Then, as if in answer to her prayer, there came upon her through the open window, like a promise of peace, the vision of the night’s sky. Just against the black edge of the tower, emerging even as she looked, appeared pure and bright and steady the effulgent light of the new star.
“See, David,” she said, and turned his face from its ardent seeking of her own, “there are the stars, there is your Star, looking in upon us! Shall we not go and look at her from the tower. Surely she is even more radiant than usual!”
For a second his passion resisted the gentle touch; then all at once she felt his frenzied grasp relax. She drew a long breath! She slipped from his relaxing hold as the mother slips her arm from under her sleeping child. A change came over his face; a wistful expression of struggle and doubt as between reason and madness. But the next instant the wild light flamed up again.
“The star!” he whispered, then loudly repeated: “My star!” and stretched out his arms to it, with the airy unmeasured gesture of the delirious.
Her heart stood still. Like a fire or a fever, his exaltation had but leaped up the higher for the momentary check.
“Ellinor, my star! The world’s desire, my love—I come to you!”
He made a spring towards the window, and paused. With arms still wide outstretched, he looked like some god poised before taking wing for endless space. She flung herself against him, and forced him back from the window.
“David—Beloved...!” And, almost with relief, she felt the second danger of his passion close round her again.

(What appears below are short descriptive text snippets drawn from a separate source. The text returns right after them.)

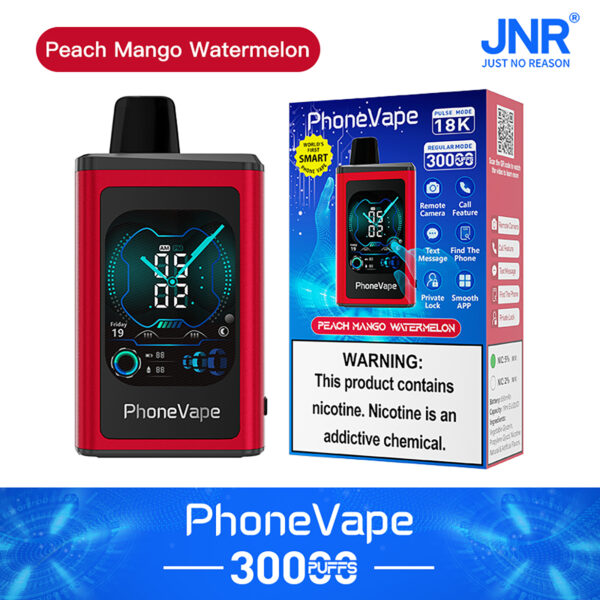 JNR PHONE VAPE 30K PUFF Peach Mango Watermelon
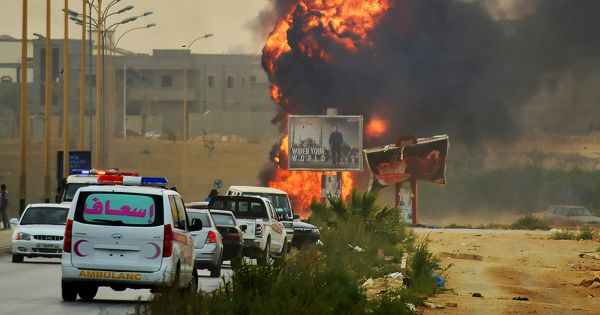 Libya: Quân đội Quốc gia Lybya tập kích dữ dội sân bay Mitiga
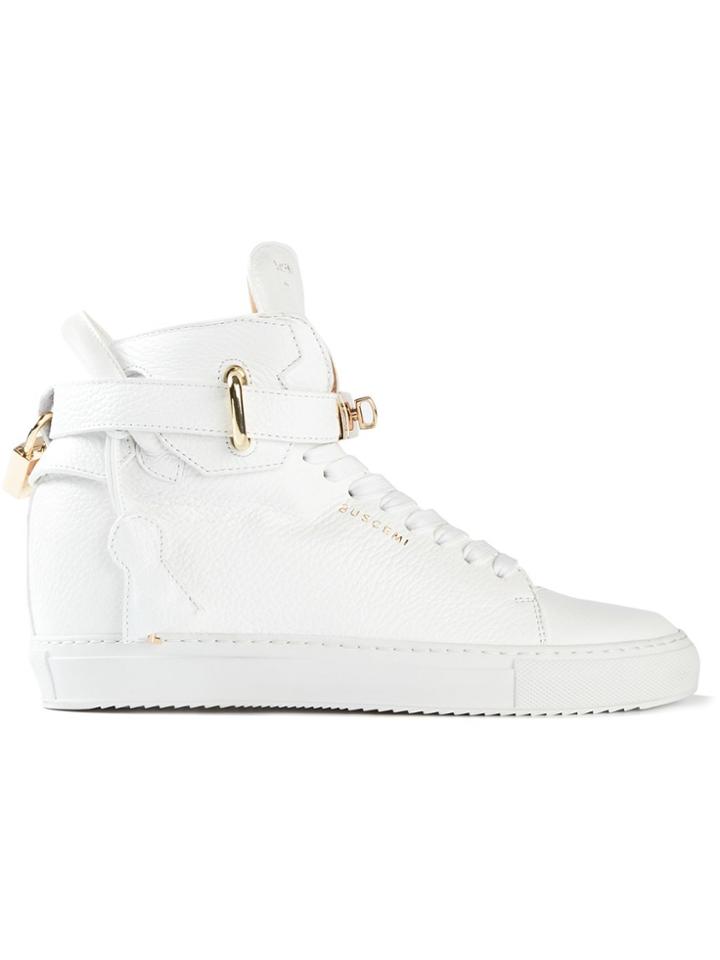 Buscemi 'alta' Hi-top Sneakers - White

“My star!” he repeated exultingly. His voice rang out now with high unnatural note, now sank to rapid whispering. “Sweet miracle—the star that shines in my sky and walks in beauty beside me! You remember, you remember, Ellinor,” he whispered, “we had met already, that first night, spirit to spirit, my soul to yours, O Star, before we met in the flesh!” He laughed in joy, and she felt the scalding tears rush up to her eyes.
“Ah, poor David!”
“Oh, I knew you at once! There you shone out of the dim old room, as you had shone out of my black spaces. Your brow of radiance, your hair of fire! And your eyes—oh, blue, blue! Ellinor, you remember! I kissed you—my star! I held you and I kissed you.” The whisper now sank so low that she could hardly follow his words. A tremor had come into the arms that encompassed her. She felt as if a weakness, a dimness, were gathered upon him. “That night we opened the door and stood upon the threshold of the golden chamber. Why did we not go in? I do not know. Shall we not go in now? Ellinor, bride, give me again your lips, those lips that have haunted me waking and sleeping. Ellinor!”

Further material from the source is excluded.